[Collected data]
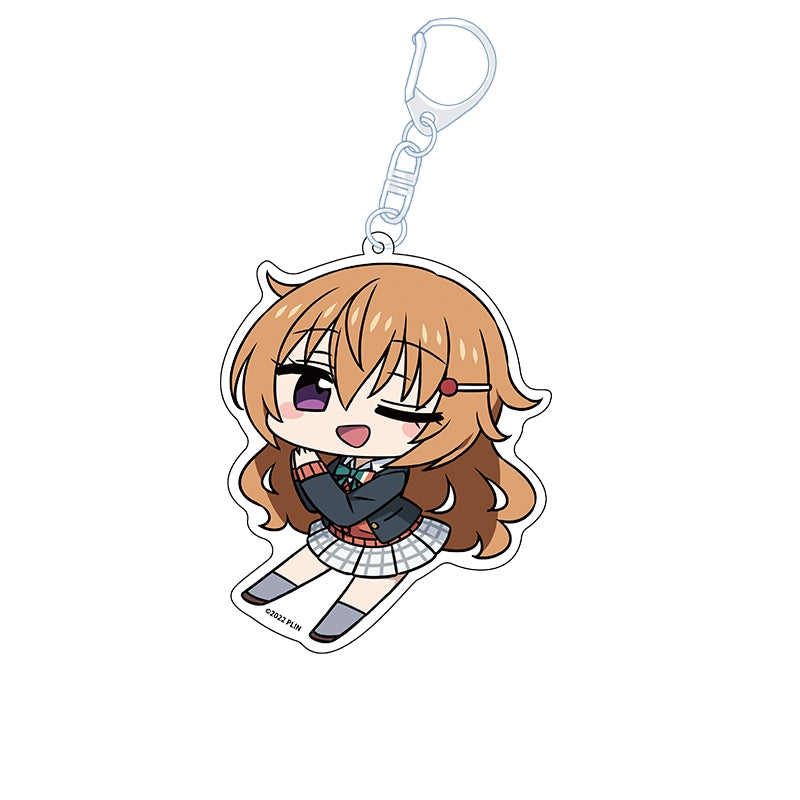 (Goods - Key Chain) Love Live! Nijigasaki High School Idol Club Petanko Acrylic Key Chain Kanata Konoe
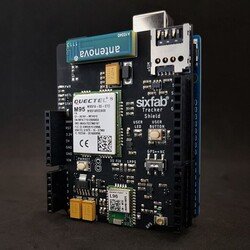 Arduino GPRS / GPS Takip - GSM Shield - Thumbnail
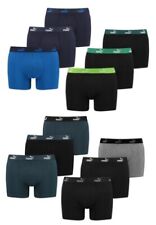 3 Lot De Puma Boxer Homme sous-Vêtements Sportif Retro Pantalons De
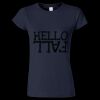 Softstyle Women’s Light Weight T-Shirt Thumbnail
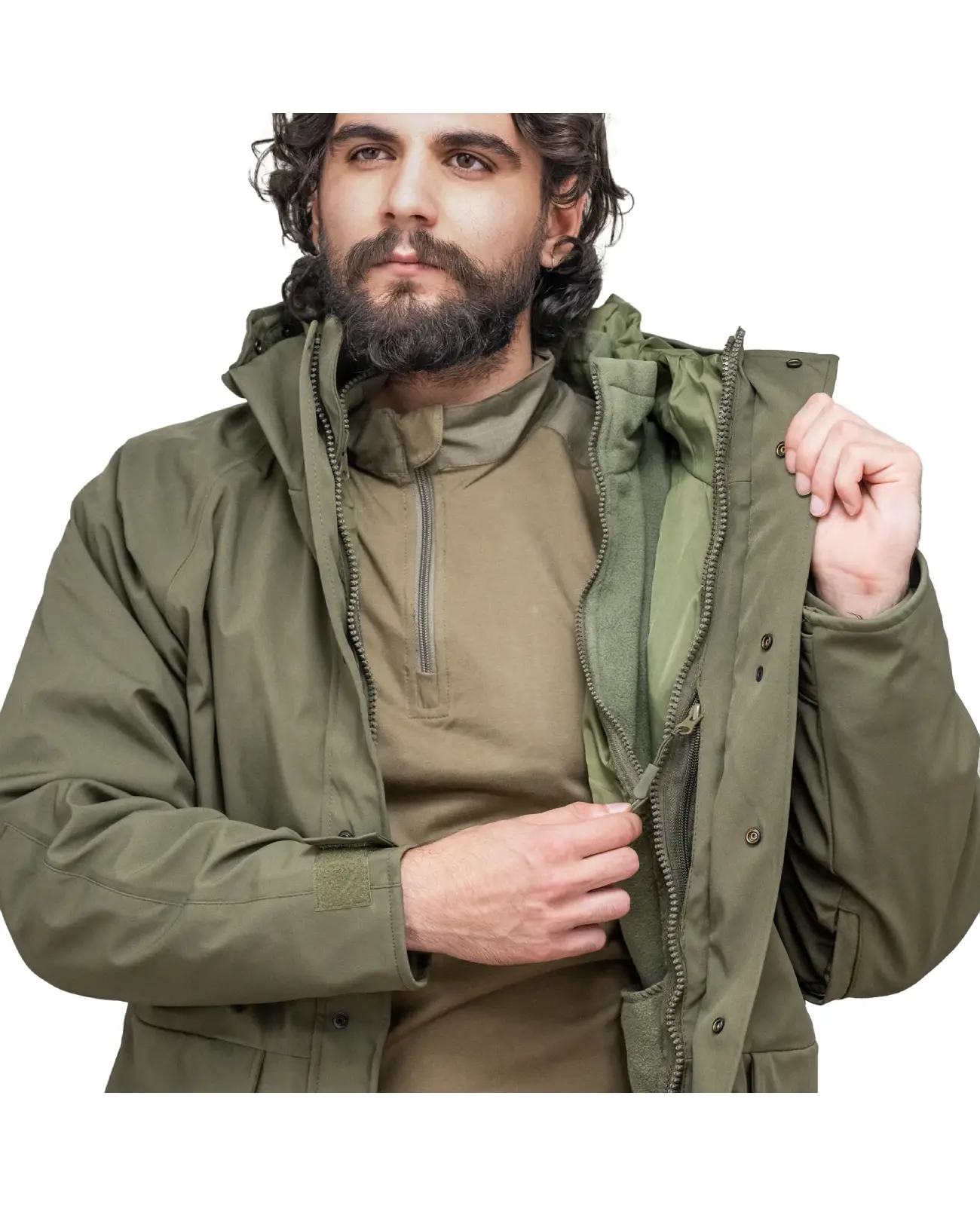 IDF Rain Suit "Halfas" Gortex – Coat and Trousers IDF Rain Suit "Halfas" Gortex – Coat and Trousers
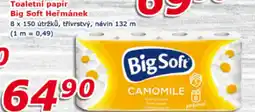 ESO MARKET Toaletní papír Big Soft Heřmánek nabídka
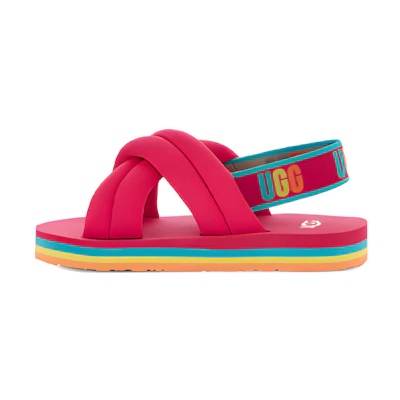 (PS) UGG Everlee Slide 'Rainbow'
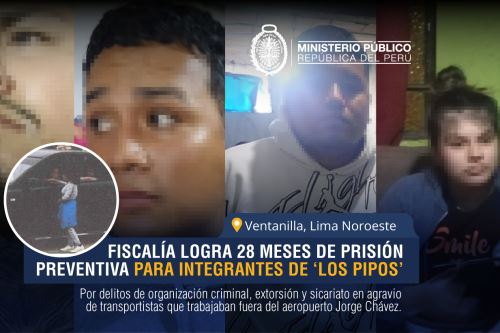 ANDINA/Difusión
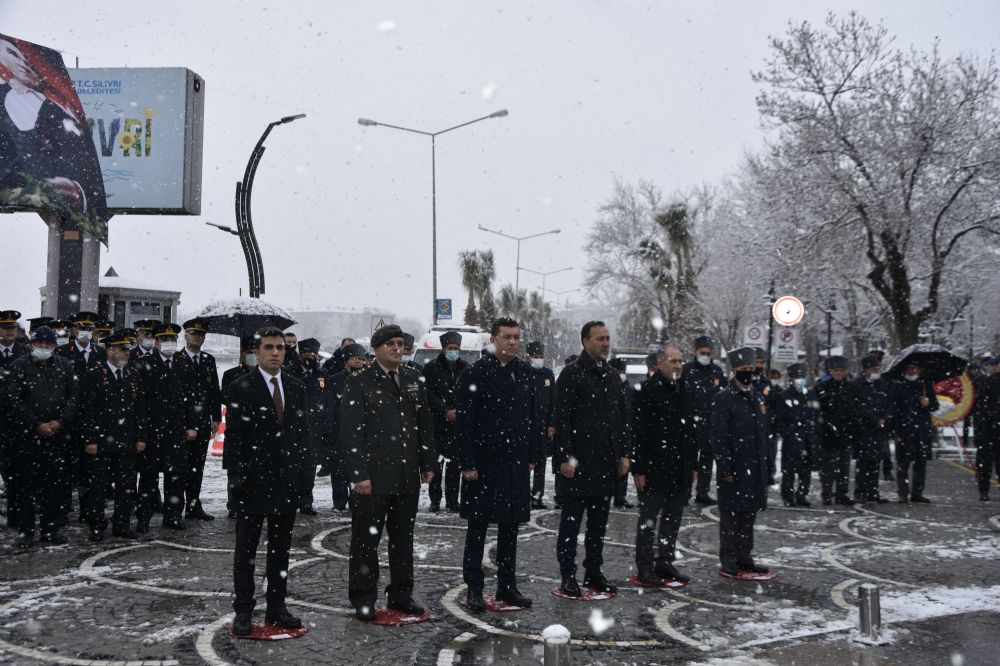 Silivrililer Çanakkale Zaferi’nin 107. yılını kutladı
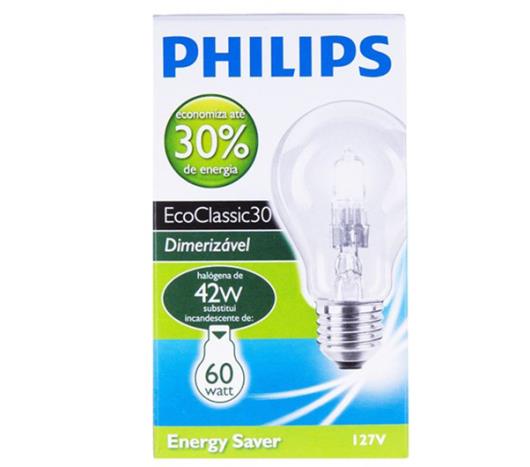Lâmpadas Philips Eco Classic 30 127V42W - Imagem em destaque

### [WHAT IS REQUIRED]
Look above for the line with "3 Lot De Puma"; quote it and every line after it, stopping after the line with "ANDINA/Difusión", exactly, with nothing added and without pictures.

### [EXERCISE SOLUTION]
 3 Lot De Puma Boxer Homme sous-Vêtements Sportif Retro Pantalons De
 Softstyle Women’s Light Weight T-Shirt Thumbnail
 IDF Rain Suit "Halfas" Gortex – Coat and Trousers IDF Rain Suit "Halfas" Gortex – Coat and Trousers
 ESO MARKET Toaletní papír Big Soft Heřmánek nabídka
 (PS) UGG Everlee Slide 'Rainbow'
 ANDINA/Difusión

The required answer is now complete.